Very unusual to have the crack extend through the brick. Usually, the mortar is designed to have less strength than the brick so when the wall settles it cracks staggering down the wall in the mortar joints only. That way, the mortar can be repaired without replacing bricks. (Finding bricks that match exactly will be difficult.)
Several possible issues: 1) settlement, 2) expansion, 3) bowing of wall.
1) Vertical cracks are usually caused by differential settlement. That is to say, as the load is transferred to the ground, the ground has soft spots that cause the wall to settle a different amount at different points along the wall.
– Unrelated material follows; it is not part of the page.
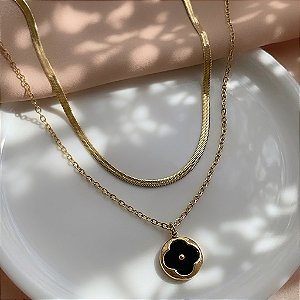 COLAR DUPLO FITA FINA TREVO RESINADO DOURADO AÇO 316L⭐️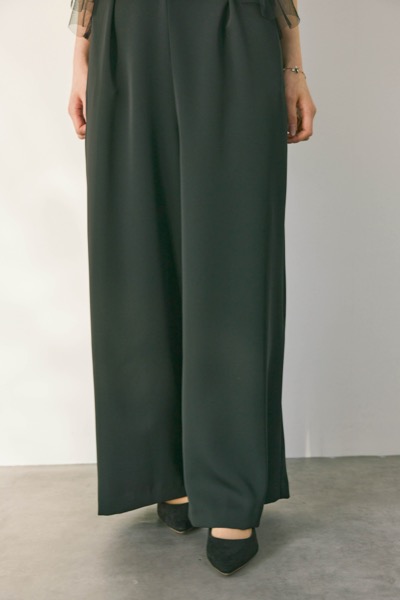 ブラックのティアードチュールオールインワンドレス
When this happens the crack will taper. That is to say, the crack opening will get bigger along the crack. Also, one side of the crack will drop from the other side. Neither of these issues happened, so I doubt settlement is your problem.
If it is settlement, it would be so insignificant that it would not be “failure” (collapse).
2) As a wall heats up and cools down it expands and contracts. If the wall is on the south side of the house (the side with the greatest heat gain and expansion) or if the wall is exceptionally long, expansion can occur. Cracking will occur at a weak spot, like below a window, etc. where there is less support (strength).
If this occurs in solid wythe walls, it can crack through to the interior. Is it solid wythe brick wall and did it crack through to the interior? Does the crack extend through the foundation?
If the wall is a brick veneer wall, the backing support wall portion may or may not crack too. Is it a brick veneer wall?
3) If the wall is bowing inward or outward it could cause the wall to crack. Is the wall straight?
Regardless the type of wall, if water gets in the crack and then freezes, it will worsen (enlarge) the crack.